The war south of the border

Jimmy Skaaland, Staff Writer

 

The wars we have been engaged in throughout the Middle East over the last decade have cost trillions of dollars and thousands of soldiers their lives.  While we as a nation have been so focused on that enemy, we have managed to overlook a very real war going on right below us in Mexico.  This war is similar in many ways such as that the enemy is not another country, making an invasion or bombing difficult if not impossible.  The enemy is the Mexican drug cartels; they live among the people and avoid capture through brutal and savage acts of violence.  They have launched war against the Mexican government, assassinating police, politicians, the army, and even journalists who expose them.   Even though it’s on the border with the United States, it is one of the least reported international stories.

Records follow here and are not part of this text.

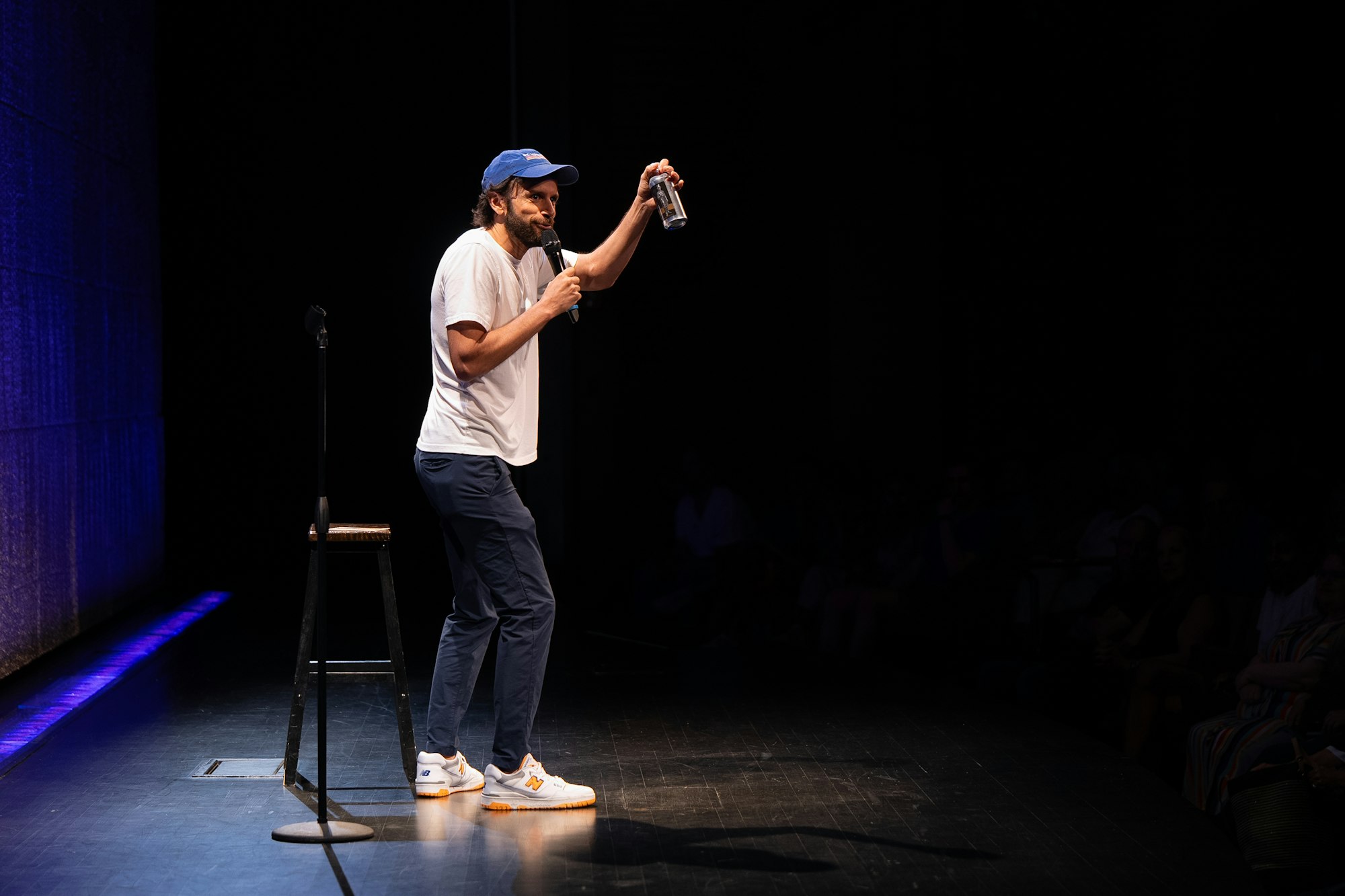 Tom Delgado onstage in the auditorium during a comedy show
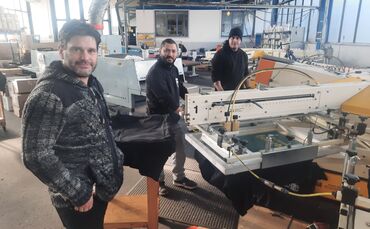 Andreas Kamm mit seinen Angestellten Erhan Demirdas und Fernando Rizzo (von links) an der Textildruckmaschine.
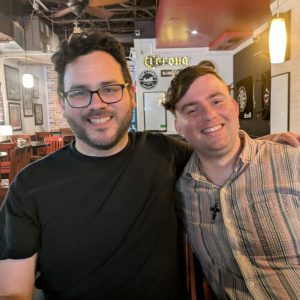 Andrew Lopez in a pub with his friend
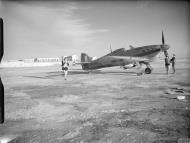 Asisbiz Fleet Air Arm Sea Hurricane BC765 pilot running to his aircraft which stands ready on an airfield in Malta IWM 13426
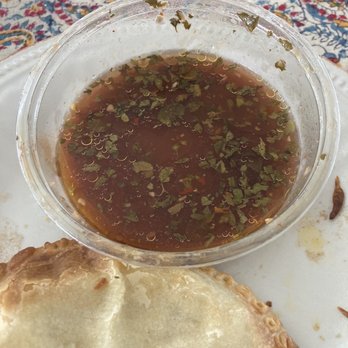 World Empanadas - Chimi was like a salad dressing. Mostly vinegar and dried parsley. And they charge for it. - Latin American Near Me - Burbank, California World Empanadas - Chimi was like a salad dressing. Mostly vinegar and dried parsley. And they charge for it. - Latin American Near Me - Burbank, California
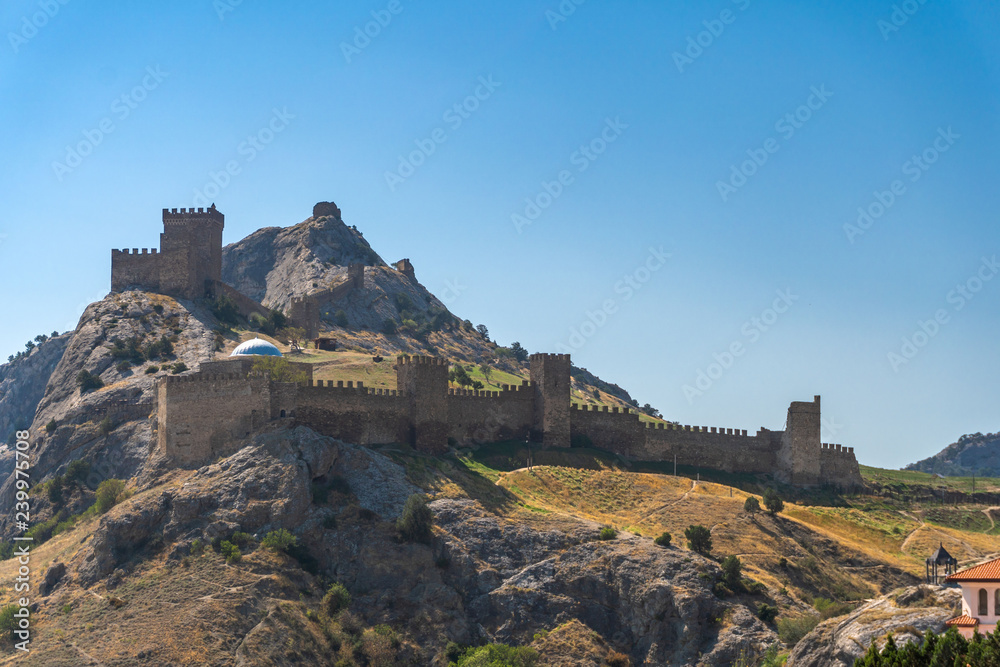 View of the Genoese fortress in the city of Sudak, Crimea, against a blue sky.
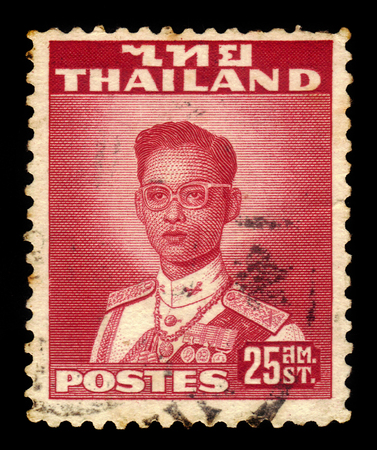 Thailand - CIRCA 1961: A stamp printed in Thailand shows King Bhumibol Adulyadej, King of Thailand ( King Rama IX ), circa 1961のeditorial素材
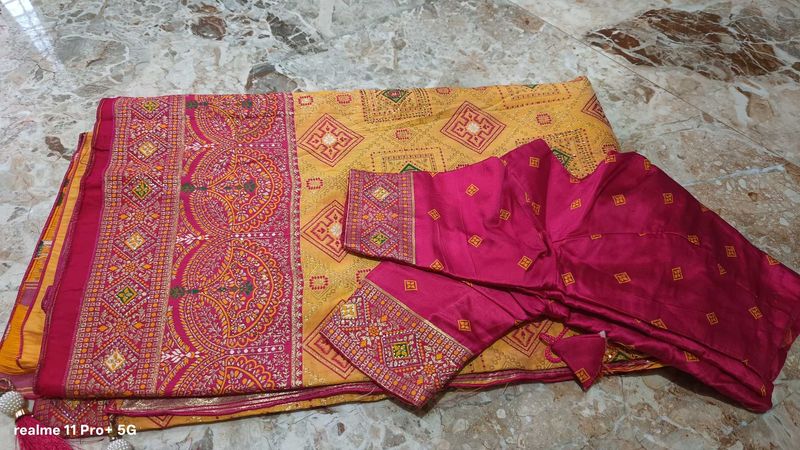 Vibrant Yellow Saree with Pink Blouse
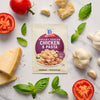 A packet of McCormick Creamy Tuscan Chicken &amp; Pasta mix is surrounded by fresh ingredients like tomatoes, garlic, basil, and parmesan cheese.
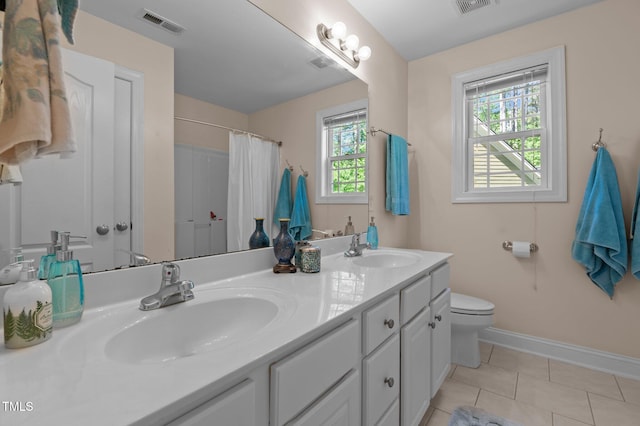 bathroom with a sink, baseboards, toilet, and visible vents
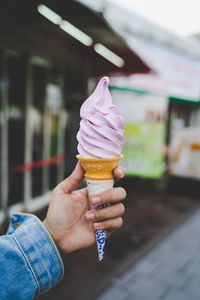 Cropped image of hand holding ice cream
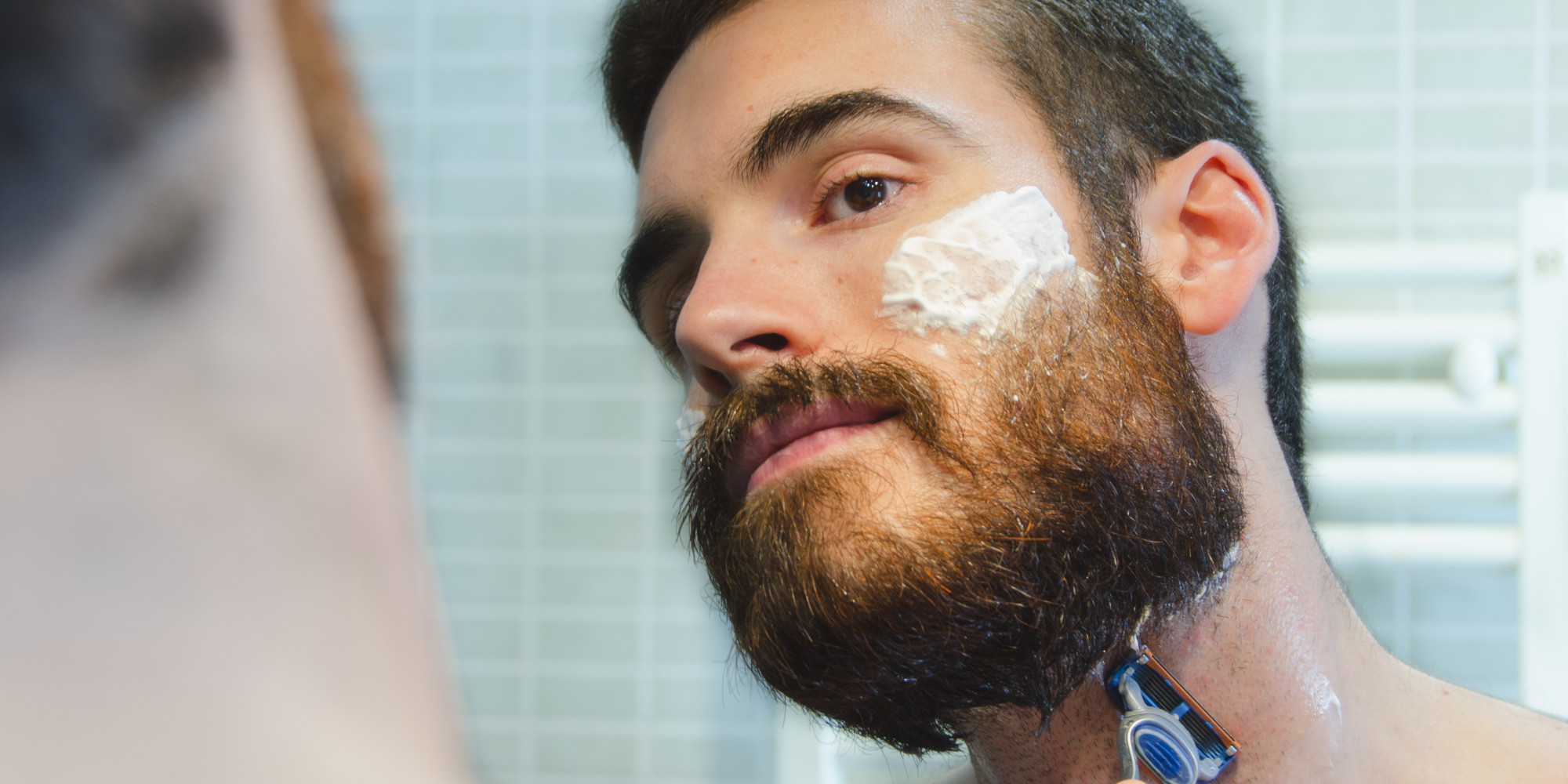 Man in the bathroom caring for his beard with a razor and shaving foam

                Last week the Zetas cartel dumped 49 decapitated bodies on a highway about 100 miles southwest of Texas border; this is by far the most blatant show of terror they have performed in an effort to subdue resistance against them.  There are many Mexican towns without police chiefs due to the fact that each time one is appointed they are kidnapped within weeks, if not days, and usually returned in dismembered parts to the police station or throughout the town.  The drug war in Mexico has claimed over 50,000 victims since 2006, according to the Associated Press.  The cartels control all the drug smuggling into the United States by bribing officials, officers, and anyone who they feel can help them; if bribes are not accepted, the person or their family goes missing.  This is by far the largest direct threat to the United States, as the 50,000 victims do not include countless Americans who have died from overdoses on the drugs these cartels are financed by.  If the government wants to claim a victory on the war on drugs, then it must step up and battle these guerrilla forces.